Elite swimmers don't just shave; they often use a razor across their entire body multiple times to ensure every dead cell is gone. The result is skin that's essentially polished. Combined with hypersensitivity, the effect on race-day perception is dramatic.
The Psychological Edge
Here's the part most articles skip: shaving is ritual. It's the line between training and racing. When a competitive swimmer shaves down before a meet, they're telling their nervous system that something important is about to happen. The body responds.
This ritualised preparation activates focus, taper energy, and competitive intent. It's the same reason boxers warm up the same way before every fight, or marathon runners lay out their kit the night before. The behaviour itself becomes a trigger for peak performance state.
For elite swimmers, shaving is also social. Teammates often shave each other in pre-meet rituals that build camaraderie and shared purpose. The act bonds the team and signals that race day is here.
Why Many Swimmers Don't Shave Year-Round
Here's the trick: the hypersensitivity effect wears off after a few days. Skin regrows fast. So elite swimmers don't shave every day — they shave for specific events, then let the hair regrow during normal training.
If you shaved every week, the novelty would vanish and the psychological and tactile boost with it. By only shaving for major competitions, swimmers preserve the effect for when it matters most.
This is also why amateur triathletes who shave for every weekly training session often report no benefit. They've burned out the response. The bump comes from the contrast — hairy normal training, shaved race day.
The Open Water and Triathlon Question
For pool swimmers, the case is clear. For open water swimmers and triathletes, things get more complicated.
Open water swimmers often wear wetsuits, which entirely eliminate the drag and sensitivity arguments — the suit covers everything. In that case, shaving is purely about ritual and the small bonus of feeling water on exposed hands, face, and forearms.
For triathletes, leg shaving has the secondary benefit of easier wetsuit removal in transition. Hairy legs grip the neoprene. Smooth legs let it slide off faster — and in a sprint triathlon, even a few seconds saved in transition matters.
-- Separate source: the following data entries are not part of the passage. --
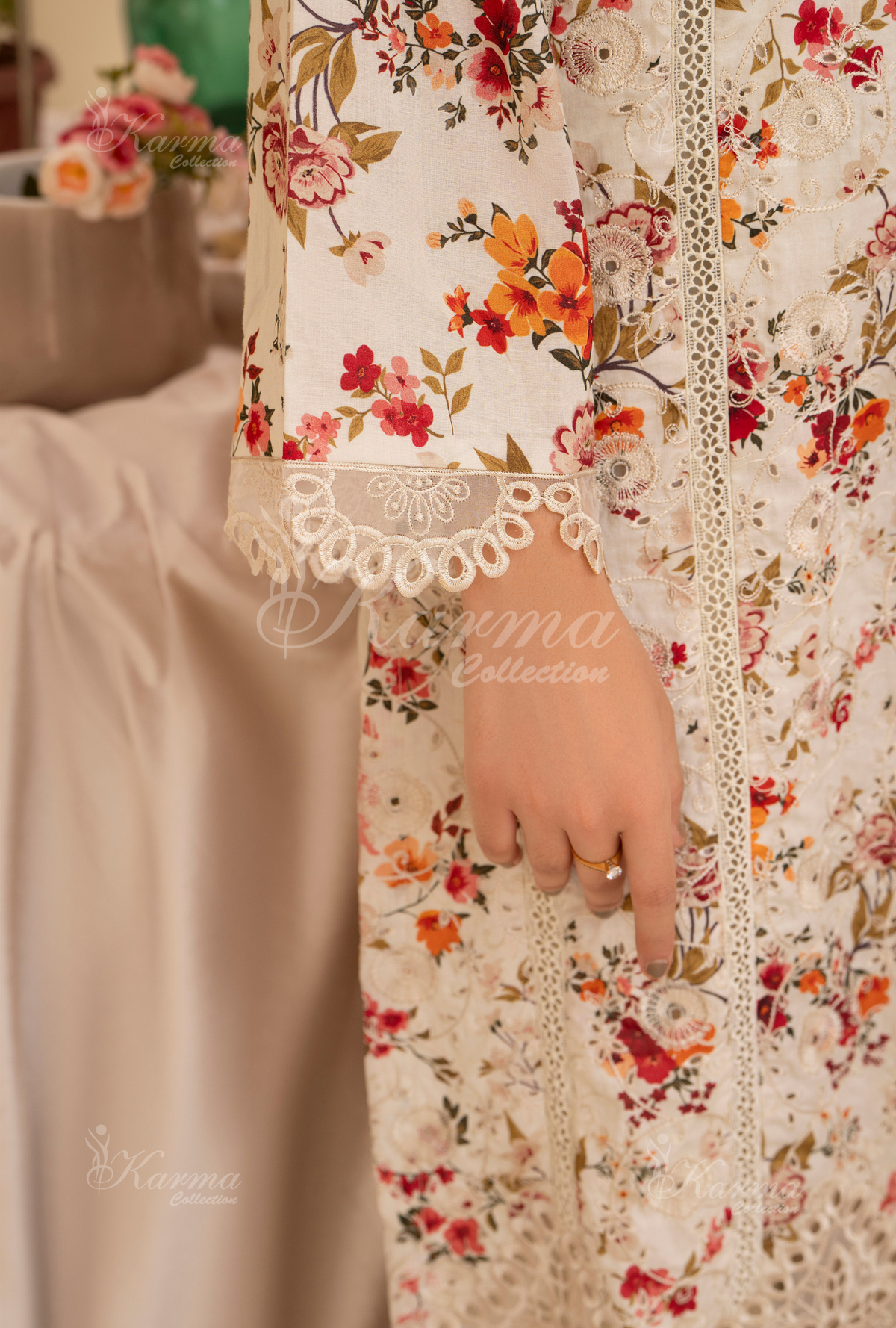 Karma Pearl White Chikankari Lawn 3 Piece Stitched Suit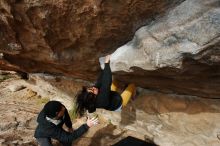 Bouldering in Hueco Tanks on 03/30/2019 with Blue Lizard Climbing and Yoga

Filename: SRM_20190330_1628220.jpg
Aperture: f/5.6
Shutter Speed: 1/400
Body: Canon EOS-1D Mark II
Lens: Canon EF 16-35mm f/2.8 L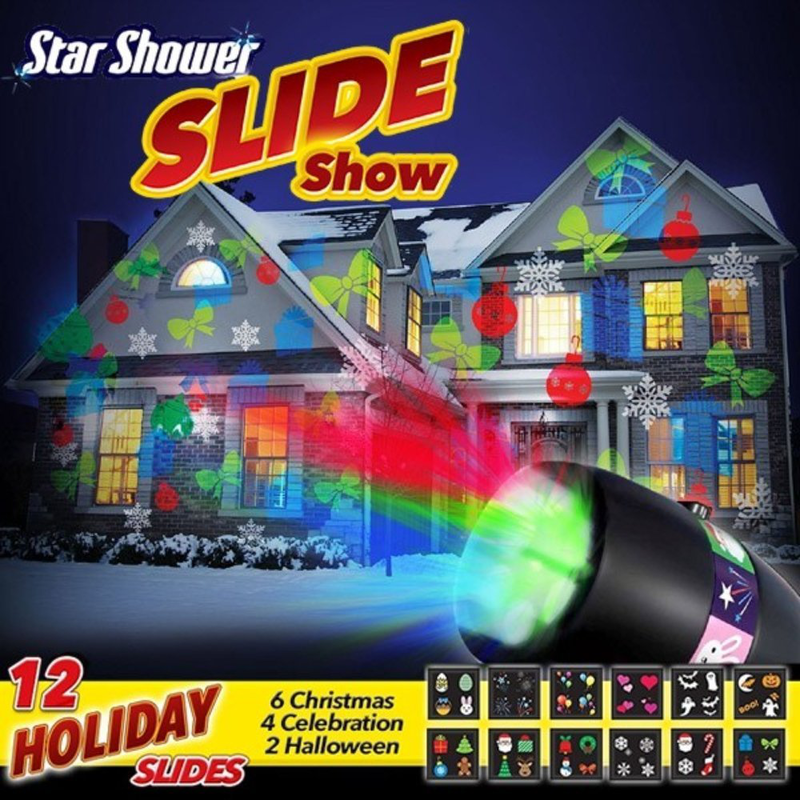 Εντυπωσιακός προβολέας star shower slideshow με 12 θεματικές διαφάνειες για τα χριστούγεννα και άλλες μοναδικές γιορτινές διακοσμήσεις, , medium-null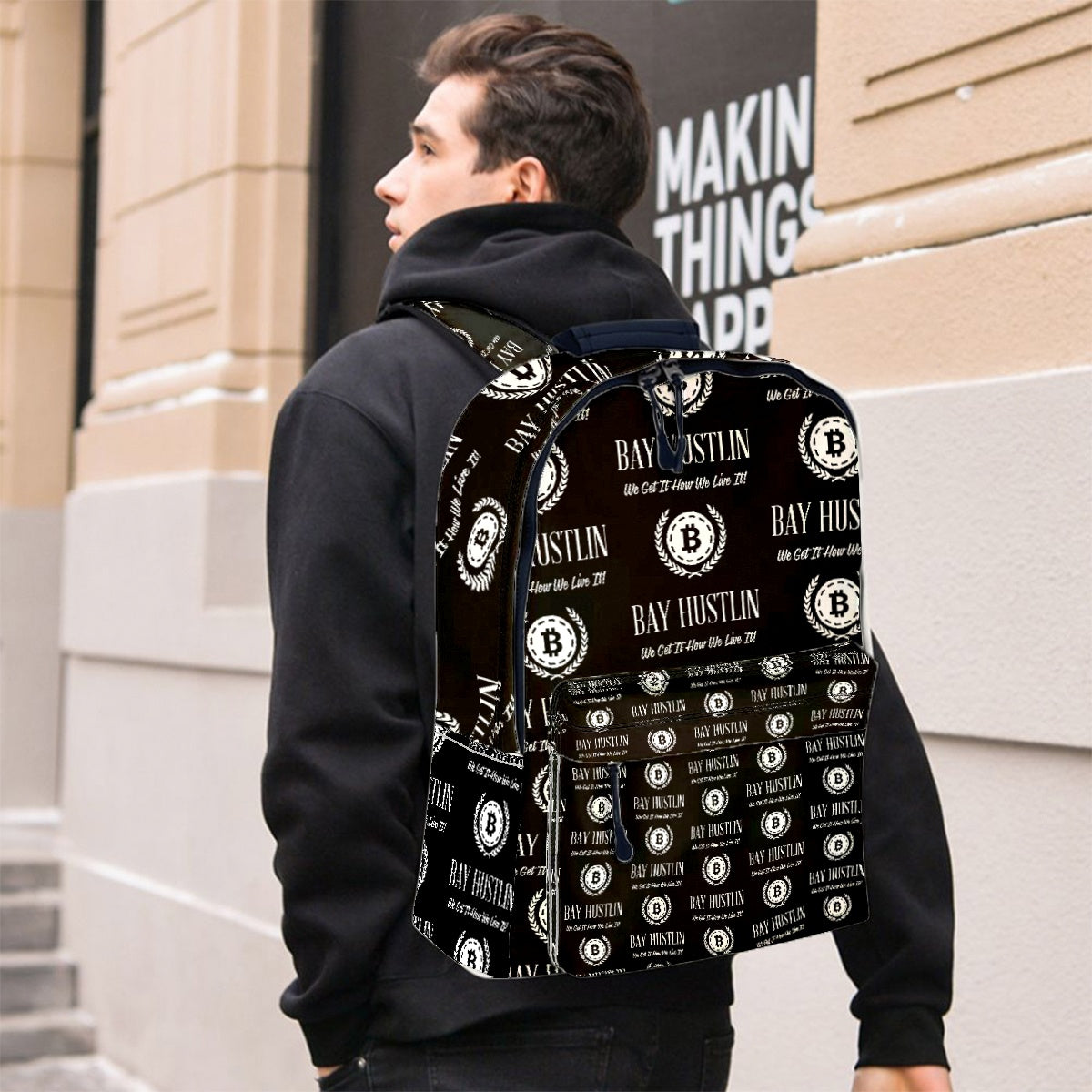 Bay Hustlin  Leather Backpack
If you're a triathlete trying shaving for the first time, do it 24-48 hours before race day, not the morning of. Shaved skin combined with wetsuit chafing during the swim can cause genuine irritation if you do it too close to start time. Give your skin a day to settle.
What About Women Swimmers?
Female competitive swimmers have always shaved legs and underarms as standard. The interesting development is that many also shave arms, backs, and any exposed body area for major meets — exactly like male swimmers. The reasons are identical: tactile feedback, ritual, and trace drag reduction. Performance is performance, and the science doesn't change based on gender.
Practical Advice for Amateur Triathletes
If you're considering shaving for an upcoming race, here's how to think about it:
For sprint and Olympic triathletes, the time savings are minimal compared to the chafing risk. Most amateurs are better off not bothering. But for athletes targeting a personal best or a qualifying time, the psychological edge of feeling fast and prepared can absolutely make a difference. Try it once before a goal race, see how you respond, and decide for next year.
Don't shave for an A-race for the first time on race day. Test it in a B-race first. Some people get razor burn, ingrown hairs, or general skin irritation. You don't want surprises during your goal event.
The Takeaway
Swimmers don't shave because it makes them dramatically faster through reduced drag. They shave because it amplifies water sensitivity, exfoliates dead skin, creates pre-race ritual, and signals competitive intent. The effect is real but mostly psychological and sensory — and it works precisely because it isn't done every day.
If you've watched elite swimmers wonder why they go through this elaborate routine, now you know. It's not vanity. It's not superstition. It's a carefully timed, evidence-informed performance tool that costs nothing but a razor and twenty minutes the night before a race.